### What to do
Set down each record that follows exactly. Drop the images.

[[ Record excerpts, beginning ]]

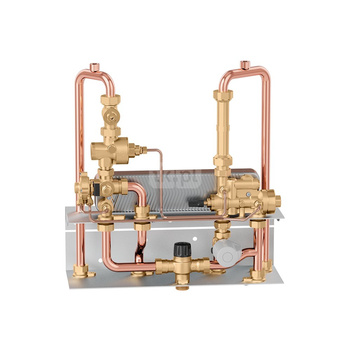 Regulowana stacja mieszkaniowa. Sterowanie mechaniczne - Wszystkie przyłącza od dołu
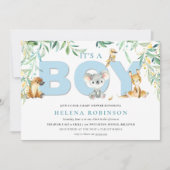 Het is een jongen Struik baby baby douche uitnodig Kaart (Voorkant)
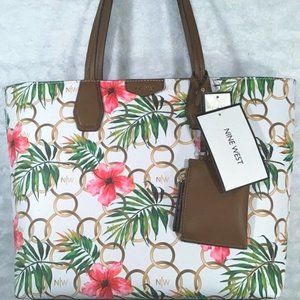 🆕 Nine West CADEN Multi Floral Tote Bag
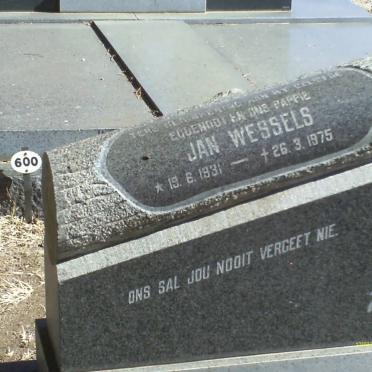 WESSELS Jan 1931-1975
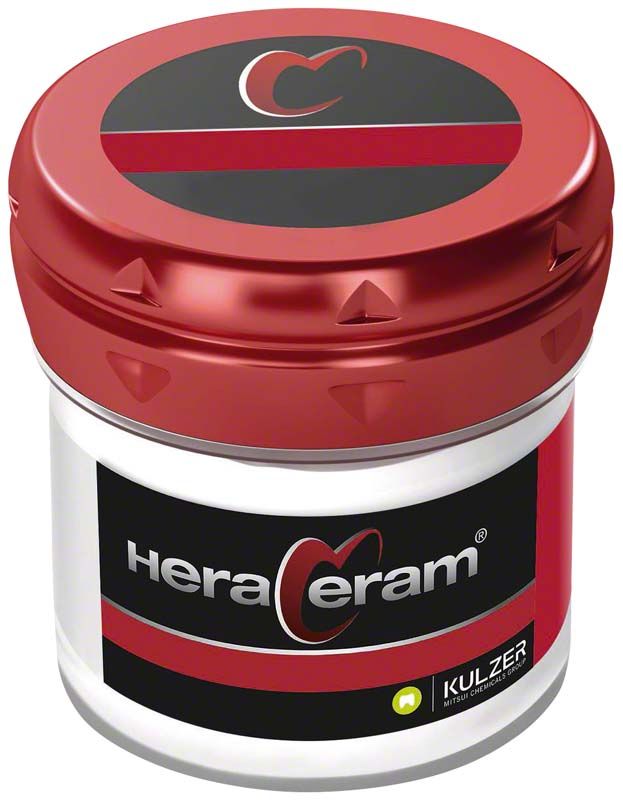 HeraCeram® Increaser IN A3,5, rote Verpackung mit Kulzer-Logo.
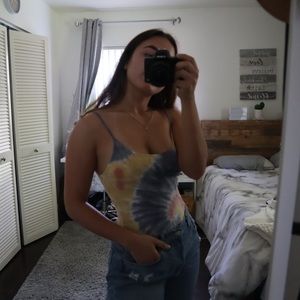 Colorful Tie Dye Bodysuit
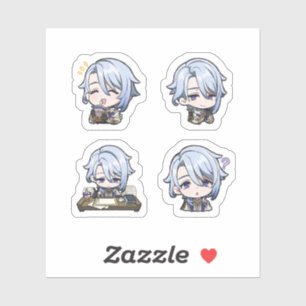 Ayato Genshin Impact 4 Pack Sticker Sheet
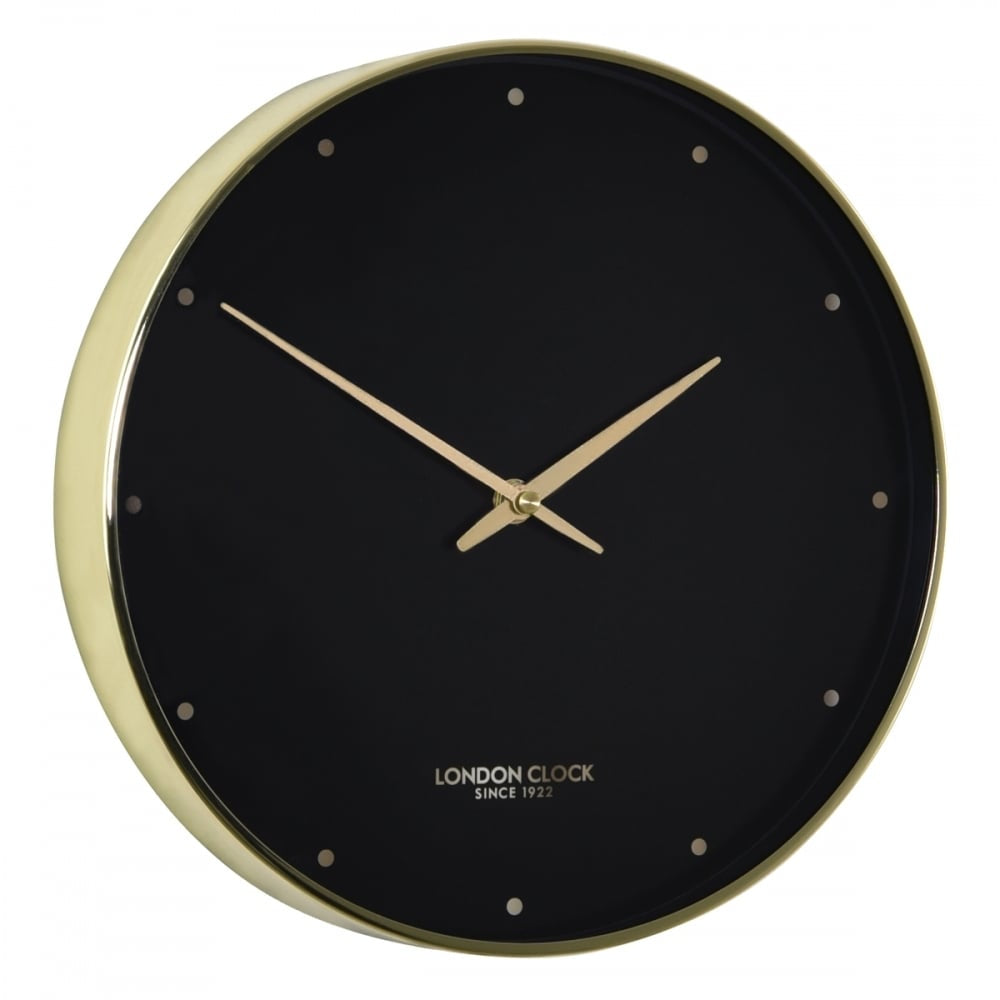 Durrant Urban Luxe Gold and Black Wall Clock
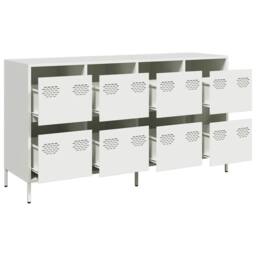 Berkfield Home Sideboard White 135x39x73.5 cm Cold-rolled Steel - thumbnail 4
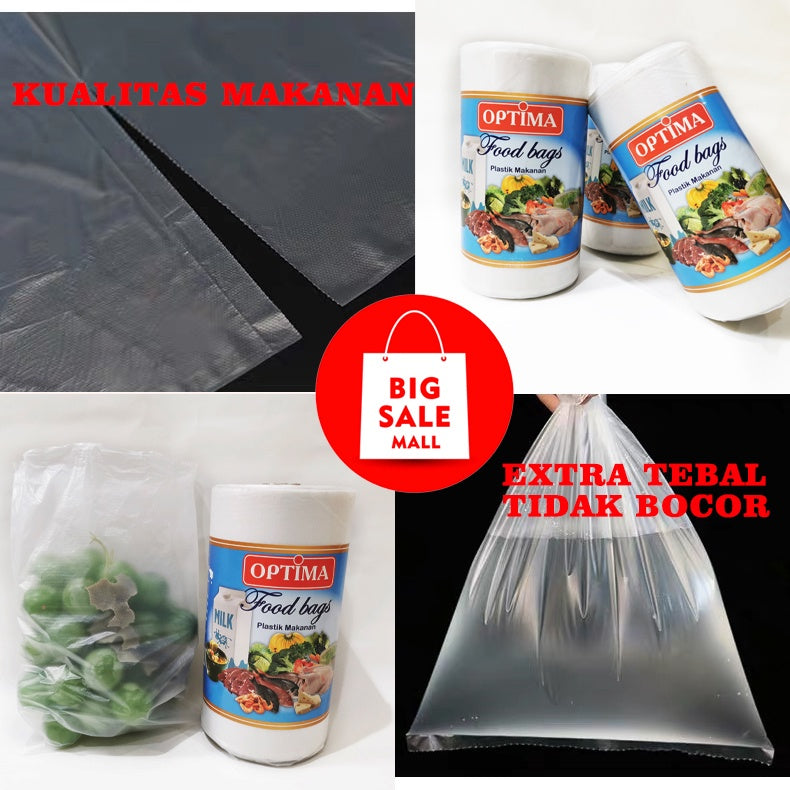Plastik Sayur Buah Roll 15x30 *satu roll1.5kg * fotocopy Plastik Roll Food Grade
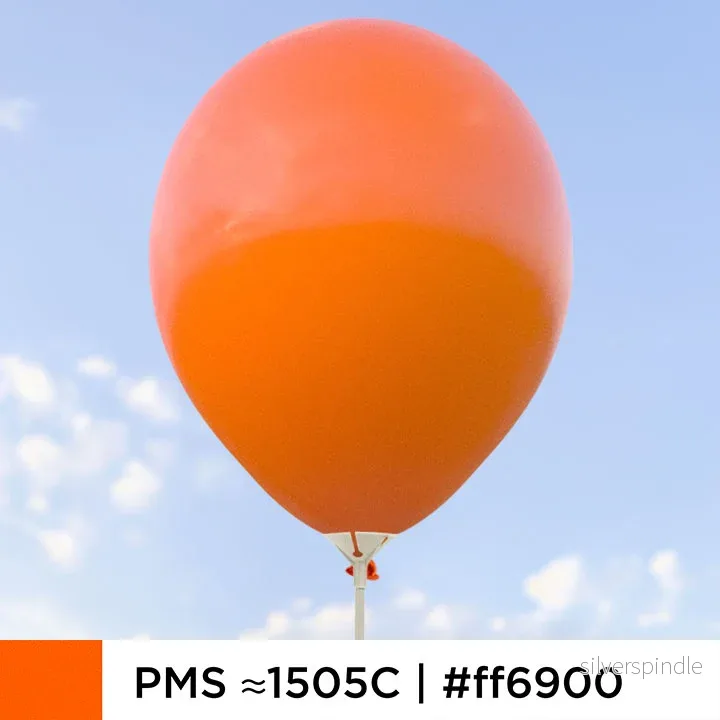 Orange ballonger 28 cm - 100-pack - Bild 3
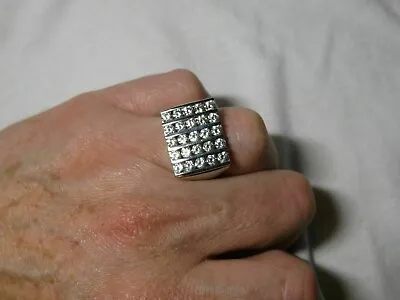 14K White Gold Plated 2.00Ct Round Simulated Diamond Wedding Band Ring Men • $129.99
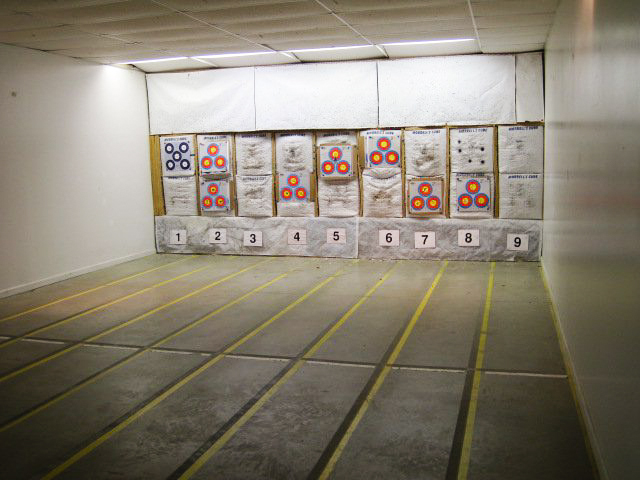 Practice at the Indoor Archery Range Near Virginia Beach, VA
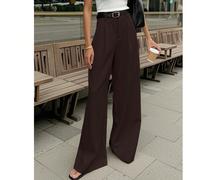 Pantalon de printemps style libre pour femmes (il est recommandé de choisir une taille en dessous car il est grand), pantalon décontracté pour dames, pantalon blanc ample de style décontracté chic, ha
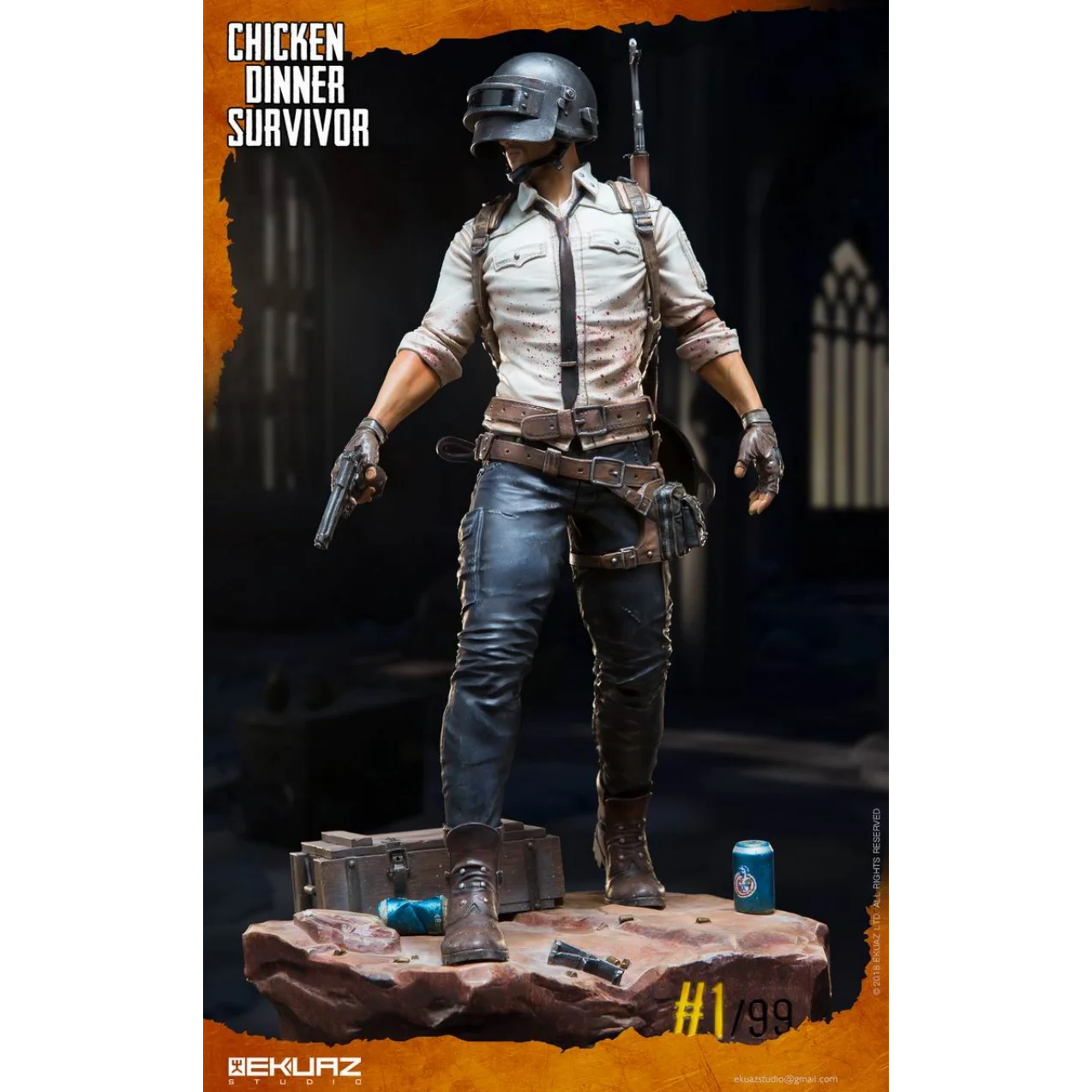 In Stock Original EKUAZ STUDIO EKS04 33CM PLAYERUNKNOWN’S BATTLEGROUNDS Game Character Model Movable Doll Art Collection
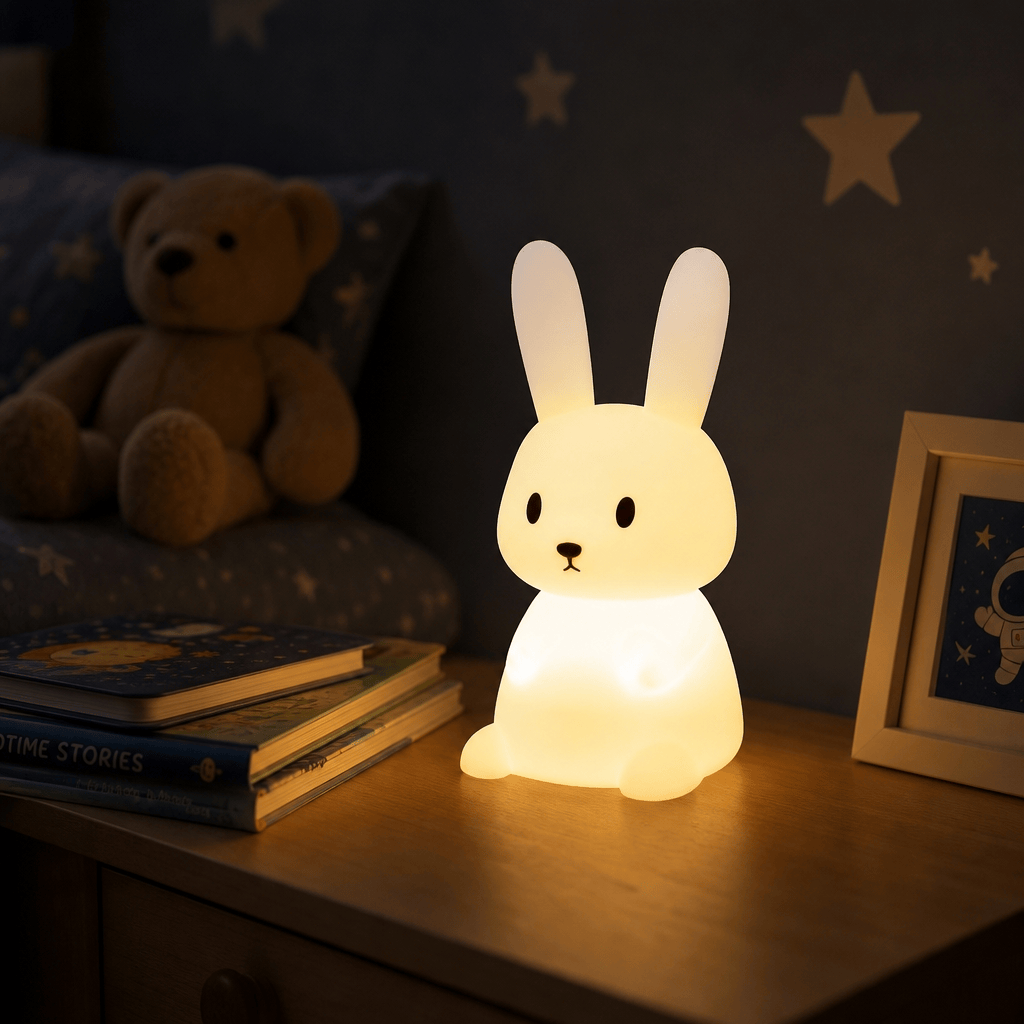 Veilleuse enfant lapin rechargeable LED Les Petites Loupiotes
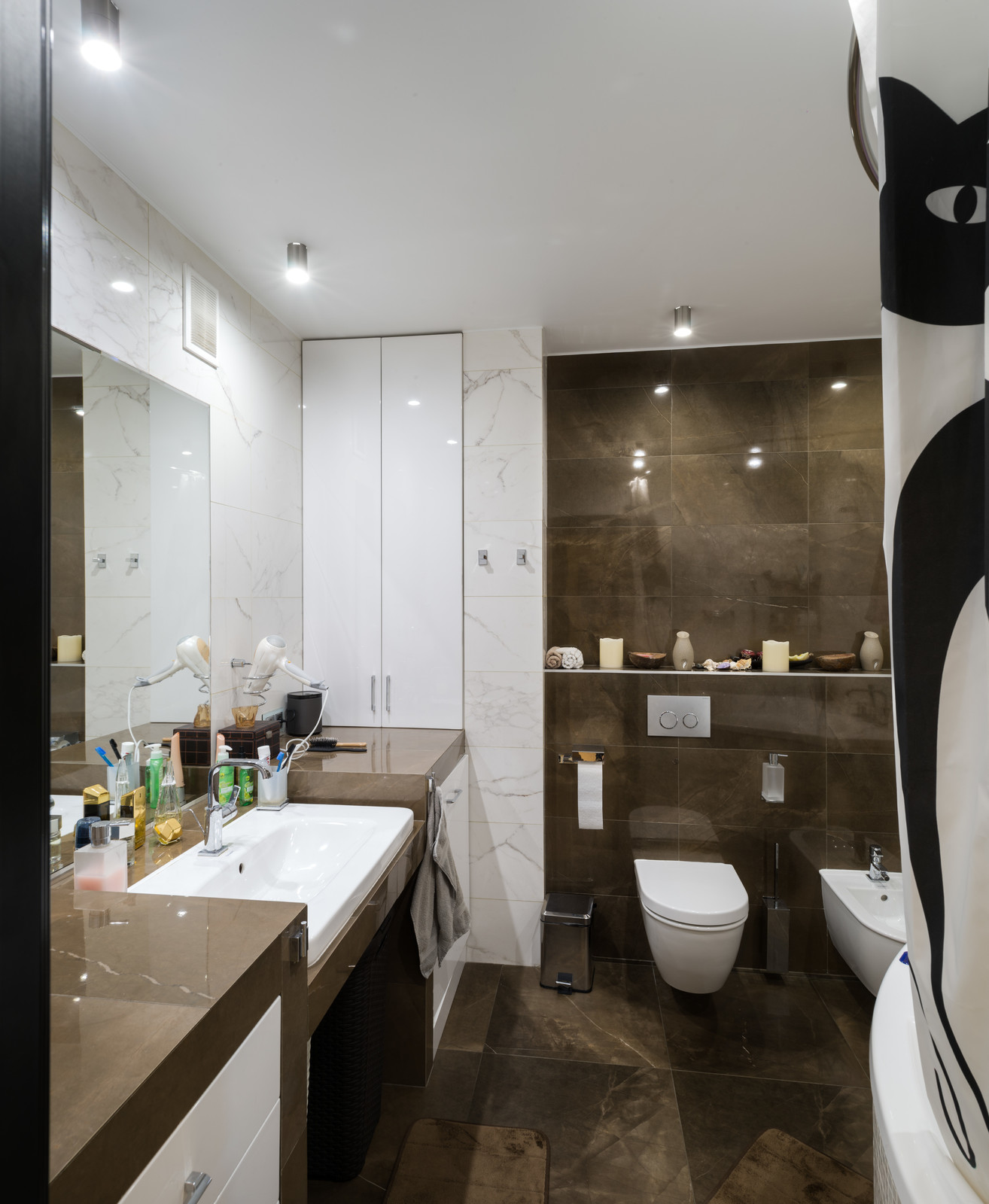 Апартаменты на 20-ом этаже в современном стиле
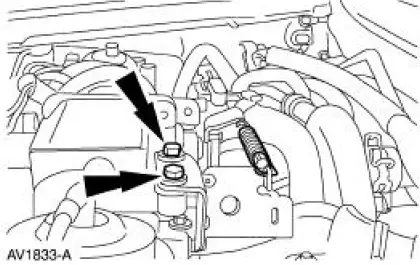 Accelerator Cable Bracket - 4.6L (2V)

[[ Record excerpts, end ]]

### Answer below
 Regulowana stacja mieszkaniowa. Sterowanie mechaniczne - Wszystkie przyłącza od dołu
 Het is een jongen Struik baby baby douche uitnodig Kaart (Voorkant)
 🆕 Nine West CADEN Multi Floral Tote Bag
 WESSELS Jan 1931-1975
 HeraCeram® Increaser IN A3,5, rote Verpackung mit Kulzer-Logo.
 Colorful Tie Dye Bodysuit
 Ayato Genshin Impact 4 Pack Sticker Sheet
 Durrant Urban Luxe Gold and Black Wall Clock
 Berkfield Home Sideboard White 135x39x73.5 cm Cold-rolled Steel - thumbnail 4
Plastik Sayur Buah Roll 15x30 *satu roll1.5kg * fotocopy Plastik Roll Food Grade
 Orange ballonger 28 cm - 100-pack - Bild 3
 14K White Gold Plated 2.00Ct Round Simulated Diamond Wedding Band Ring Men • $129.99
 Practice at the Indoor Archery Range Near Virginia Beach, VA
 Pantalon de printemps style libre pour femmes (il est recommandé de choisir une taille en dessous car il est grand), pantalon décontracté pour dames, pantalon blanc ample de style décontracté chic, ha
 In Stock Original EKUAZ STUDIO EKS04 33CM PLAYERUNKNOWN’S BATTLEGROUNDS Game Character Model Movable Doll Art Collection
 Veilleuse enfant lapin rechargeable LED Les Petites Loupiotes
 Апартаменты на 20-ом этаже в современном стиле
 Accelerator Cable Bracket - 4.6L (2V)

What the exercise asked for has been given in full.